Later, I asked him: Why wouldn’t you join the strike? Tell me, just as a matter of interest.

He wouldn’t answer, so I asked him again, and then reluctantly he said: Because a rule’s a rule; if you break one you have to be willing to pay the price.

But is it a good rule? I asked. He only smiled, and no matter how hard I tried I could not get him to answer my question.

I understood then that he could not answer: that his authority grew out of that subterranean realm of judgement which we call morality, the condition of whose success is that its rulings be always shrouded from argument. I understood why his opinions always prevailed against his peers’: because while they had to find their way through a fog of ordinary confusions, in every difficult situation Robi had an intuition which led him directly to what he knew he ought to do, even if he did not know why. And they followed him since he, uniquely, was willing to defend those inconvenient, often ridiculous, scruples which they could only too easily be persuaded to forget. That was why they, and I, both admired him and feared him, and that was why his courage, even when it manifested itself physically, was moral in the purest sense.

Come on, enjoy yourself for once, said Ila. You’ll be going away soon anyway, so you can forget all about it afterwards.

But why do you want to go to the Grand Hotel? said Robi.

Because it’s the poshest place in the city, of course, said Ila, tipping her head back. Isn’t that the best possible reason?

I don’t want to go to a place like that, Robi said.

But once Ila had made up her mind she had to have her way. She bent down in front of him and touched her forehead to his feet.

Please, Robi-kaku, she said. Please, just this once. If you don’t like it, we’ll leave. I promise.

So we went: Ila resplendent in a silk blouse and a skirt, Robi and I grimly insistent on not changing out of our usual student uniform of kurta and crumpled trousers.

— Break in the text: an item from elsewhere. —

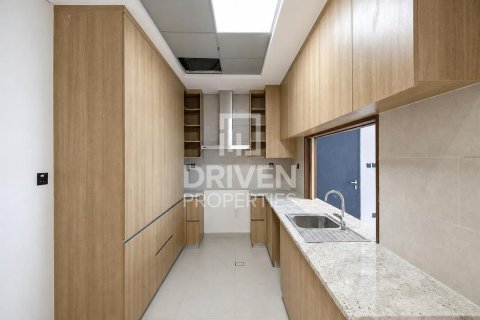 فيلا للإيجار في Dubai Land، دبي، الإمارات العربية المتحدة 5 غرفة نوم ، 301.38 متر مربع ، رقم 765654 - صورة 21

When we reached the entrance of the Grand Hotel and saw the beturbaned doorman’s dead-fish eyes flicking disdainfully over us, both Robi and I would have kept on walking, all the way down Chowringhee. But Ila was right behind us, and with a rustle of silk she shepherded us through the corridor, into a chandeliered hall. She led us to the reception counter and in the plummiest of her English accents she asked them to show us the way to the nightclub. Suitably awed, they sent a liveried attendant to show us the way. He led us down another corridor to a large, ornate door. He pushed the door open, pocketed Ila’s tip, and stood aside, bowing.

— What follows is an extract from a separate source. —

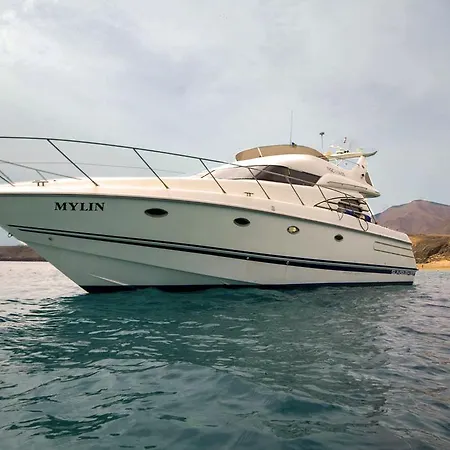 Lanzarote Yacht Botel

We heard the hum of an electric guitar echoing out of the darkness, somewhere inside the cavernous room.

I’m not going in there, said Robi. He pulled his hand out of Ila’s; he was sweating.

Oh come on, Ila said in exasperation. Come on, Uncle Robi. You’ve made your point: we’re willing to accept that you’re just a poor peasant horrified by the badness of the big city. So now you may as well relax and enjoy yourself.

She took his hand again and he let himself be led in.

It was so dark inside that the waiter had to lead us through the clusters of empty tables with an electric torch. I felt the touch of something moist and strangely furry on my face. Instinctively, my arm rose to fight it off. I felt it again, on my forearm, and jumped backwards, knocking over a chair.

What are those things? I cried, my skin tingling. Something touched me.

It’s only the decorations, sir, said the waiter. He brought us to a halt at an empty table and pulled back a chair for Ila. We sat down, and when our eyes had grown accustomed to the darkness, we saw that every available space was covered with nodding palm fronds. There were catamarans painted on the walls and clusters of coconuts were dangling from the roof. Ila pointed at the band, on a platform beside the dance floor; it consisted of four men in dark suits, bow ties and straw hats.